Localised surface plasmons (LSPs)
Surface Plasmon theory and is applications constitutes a large ongoing research field. Plasmon mediated surface photochemistry and the charge transfer has give us an excellent window into the underpinnings of the challenges scientific breakthrough in that sector.
At first, we can say that surface plasmon are a collective oscillation of electrons that are commonly categorized into two classes: propagating surface plasmons (SPPs) and localized surface plasmons (LSPs). LSPs are non-propagating excitations of the conduction electrons of metallic nanostructures coupled to the electromagnetic field.
As for LSPs, light interacts with particles that are much smaller than the incident wavelength. The curved surface of the particle exerts an effective restoring force on the conduction electrons. Hence a resonance known as localised surface plasmon resonance (LSPR) can rise, leading to field enhancement both inside and in the near-field zone. LSPR is dependent on the size, shape, and dielectric function of the nano-particles as well as the local dielectric environment.
The LSPs can be explored by considering a homogeneous, isotropic sphere and dielectric function located at the origin in a uniform, static electric field.

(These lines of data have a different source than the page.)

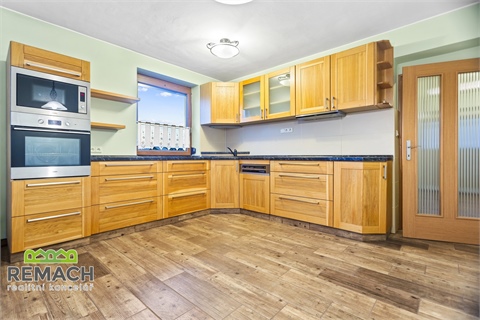 Prodej rodinného domu, 250 m² - 0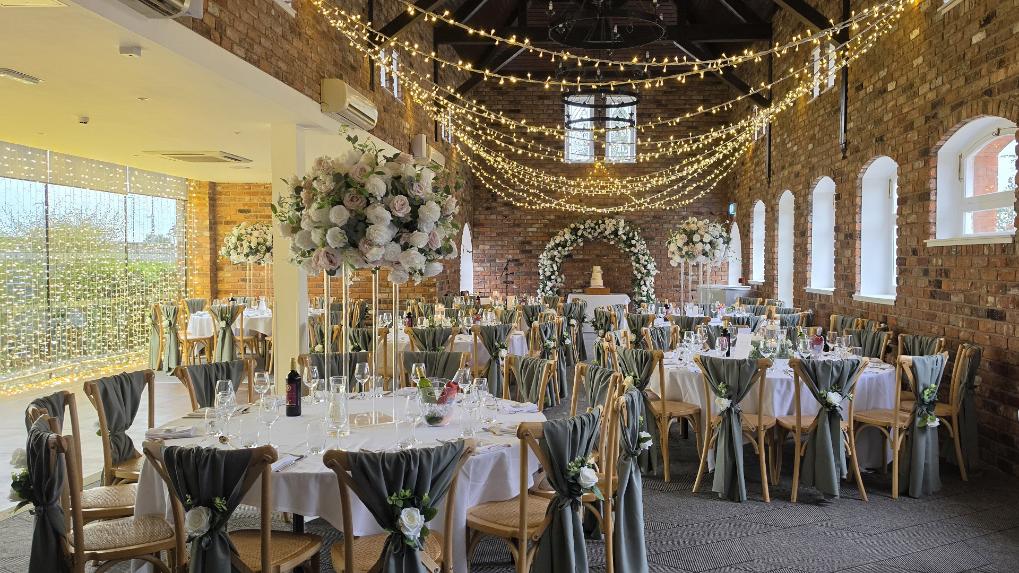 Venue Dresser DoubleTree Double Tree Chester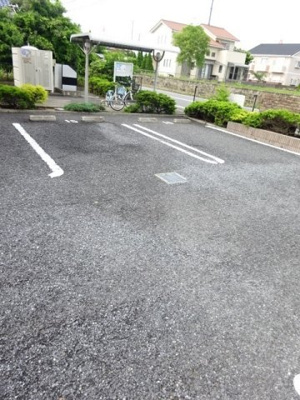 【駐車場】 | クレアール | 駐車場に車を止められます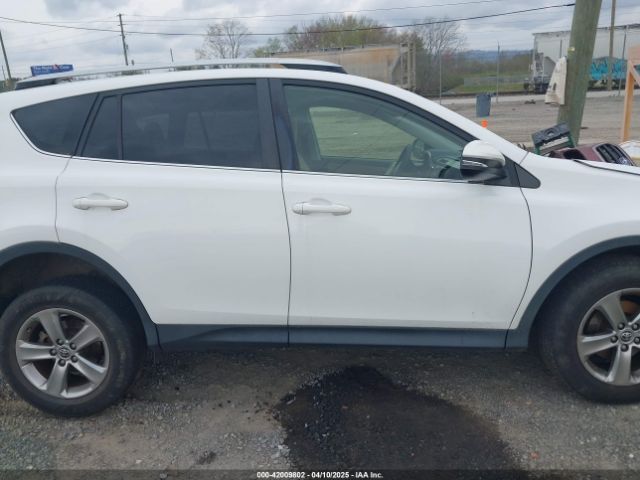 JTMRFREV9FD116331 Toyota Rav4 Xle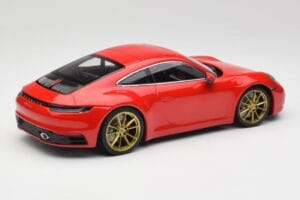 Porsche 911 992 Carrera 4S Guards Rot & Goldene Räder Minichamps 1:18 153067328 Druckguss — Bild 2 von 6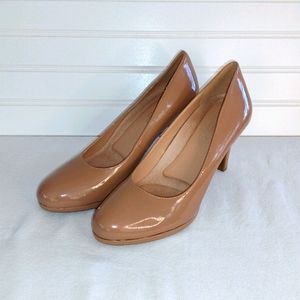 Naturalizer Beige Pump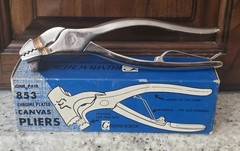 Grumbacher 853 Chrome Plated Canvas Pliers Japan Boxed EXCELLENT!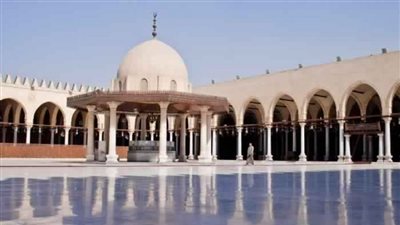 فيديو| فى ليلة القدر الروحانيات تغلف مسجد عمرو بن العاص والملائكة تحيط بالمصلين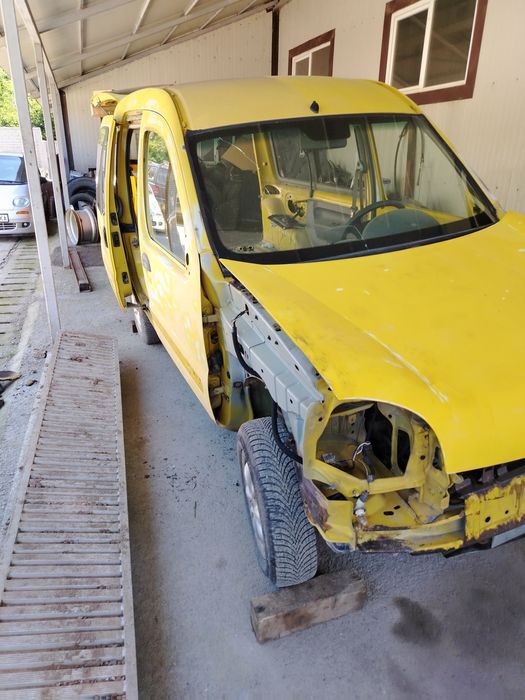 Dezmembrez Renault kangoo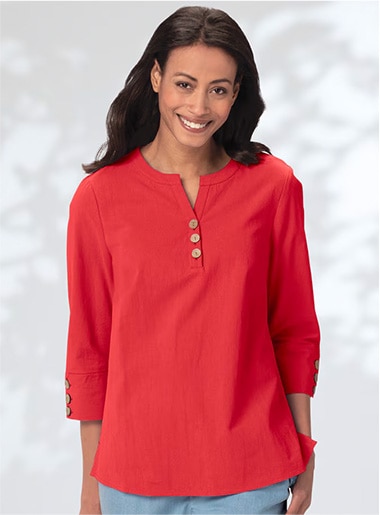 model wearing a red 3-button henly with 3/4 sleeves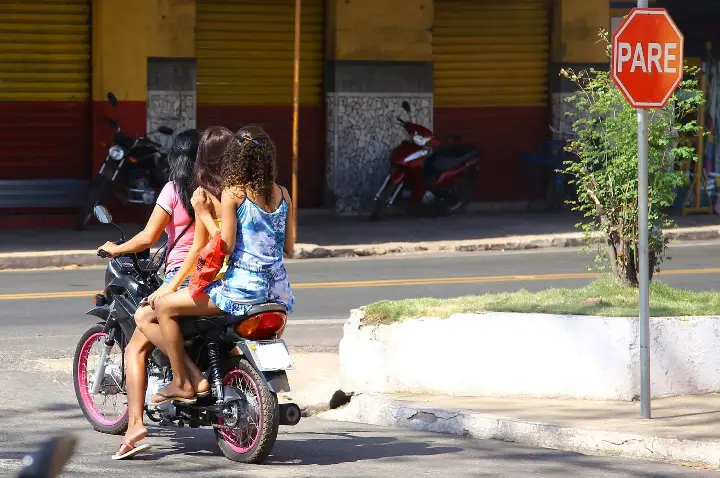 Caos sobre rodas: Enquanto vereadores adiam regras para autopropelidos, calçadas viram terra sem lei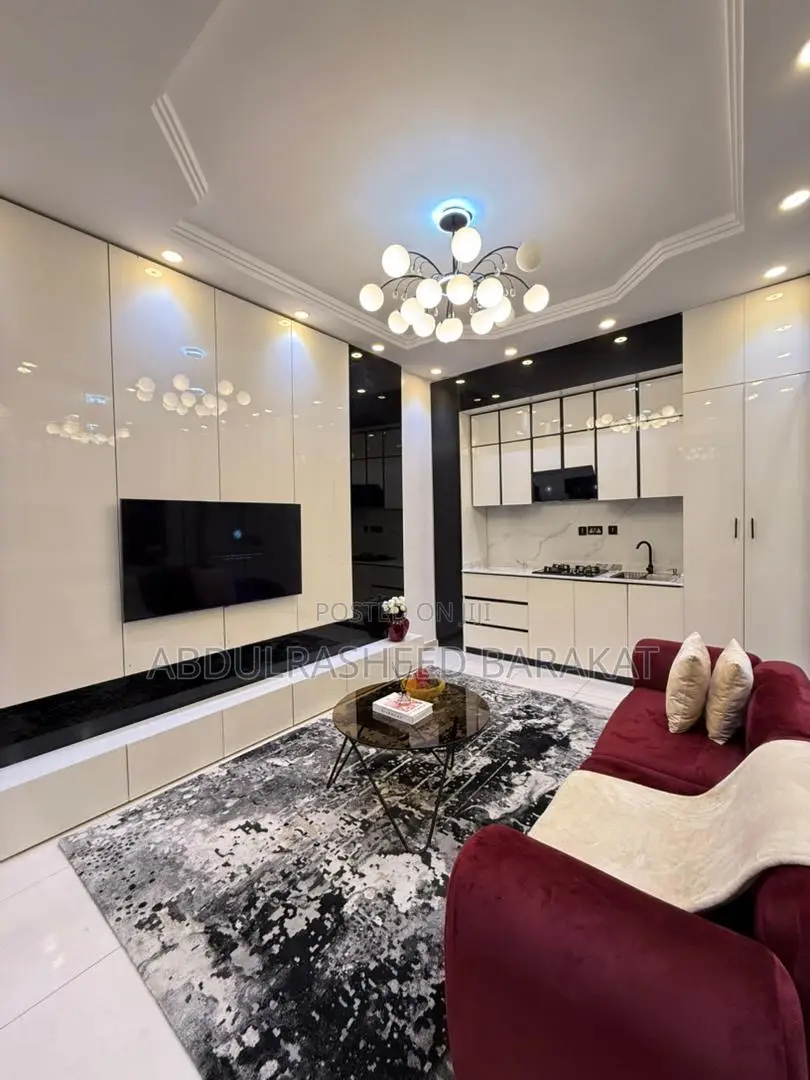 1 Bedroom Apartment With a Private Cinema and Bathub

AuNP-Si (Gold-silicon) systems are of particular interest for the integration of plasmonics to semiconductor electronics. Here the arrangement of AuNPs into a 2-D array that was covalently bonded to a Si substrate without surface oxide. This process is achieved by simply irradiating visible light to a hydogen-terminated Si substrate immersed in a solution of AuNPs covered with a self-assembled monolayer (SAM) of 11-mercaptoundecene (MUD). These MUDAuNPs are attached to the substrate by forming Si−C bonds as a result of the photochemical reaction between Si−H groups on the substrate and vinyl groups of the MUD-SAMs. The reaction proceeded most effectively at a wavelength band around 520 nm adjusted to the plasmic resonance peak of the MUD-AuNPs (20 nm in diameter)/toluene solution centered at 535 nm, demonstrating that the photochemical reaction is assisted by localised surface plasmon, which allow the AuNPs to be photon collectors.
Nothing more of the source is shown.